§ **Task requirements**
Word for word and without images, reproduce the listing that follows.

§ **Data**
===============

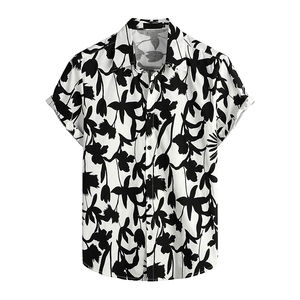 Chemise décontractée pour homme à manches courtes, imprimé floral, en popeline, respirante, en polyester, avec col rabattu, style estival - Product Image 1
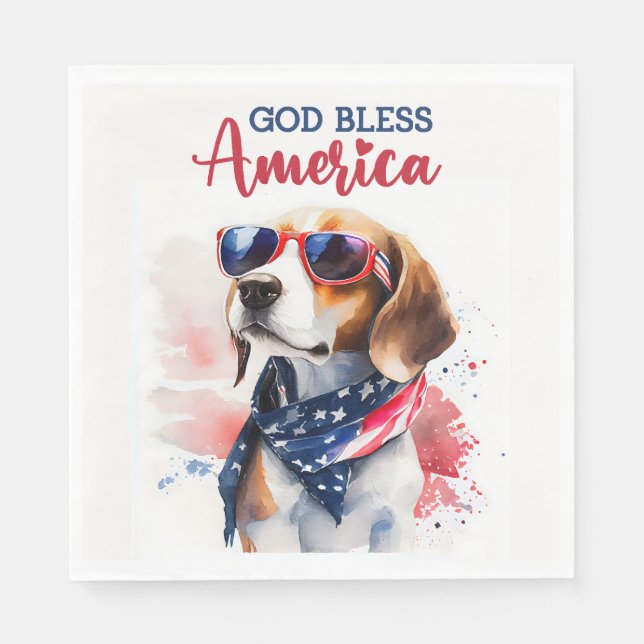 Serviette En Papier Beagle patriotique (Devant)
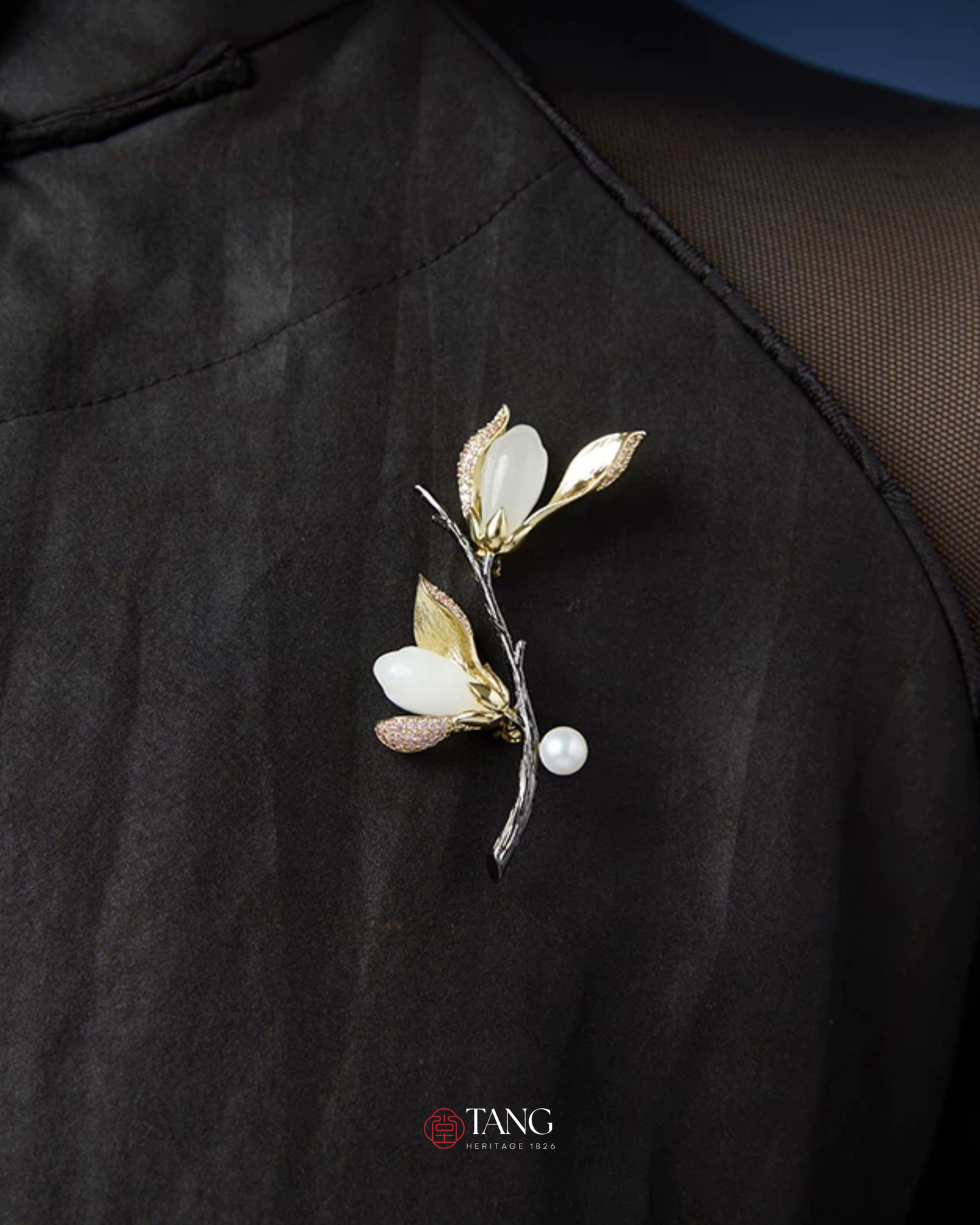Twin Magnolia Brooch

===============

§ **Answer to this problem**
 Chemise décontractée pour homme à manches courtes, imprimé floral, en popeline, respirante, en polyester, avec col rabattu, style estival - Product Image 1
 Serviette En Papier Beagle patriotique (Devant)
Twin Magnolia Brooch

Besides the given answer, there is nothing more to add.